-
Notifications
You must be signed in to change notification settings - Fork 1.8k
Description
Is your feature request related to a problem or challenge?
Related to #6983. I noticed the same performance issue when writing a single large partition/file from a DataFrame. Only a single core is used and it can take quite a long time. When there are a small number of large partitions being written it would be ideal to leverage multiple cores, especially now that we are leveraging multipart ObjectStore uploads for writes #6987.

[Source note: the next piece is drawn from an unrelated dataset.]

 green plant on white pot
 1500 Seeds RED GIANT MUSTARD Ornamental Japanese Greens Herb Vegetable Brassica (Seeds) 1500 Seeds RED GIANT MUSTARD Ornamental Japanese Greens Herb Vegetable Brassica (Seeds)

Describe the solution you'd like
This part of the write methods needs to process the RecordBatch stream in parallel (perhaps with try_for_each_concurrent):
while let Some(next_batch) = stream.next().await {
let batch = next_batch?;
writer.write(&batch).await?;
}This could be nontrivial for stateful writers like AsyncArrowWriter. It also isn't clear to me immediately how the multipart context could be shared with concurrent access across threads.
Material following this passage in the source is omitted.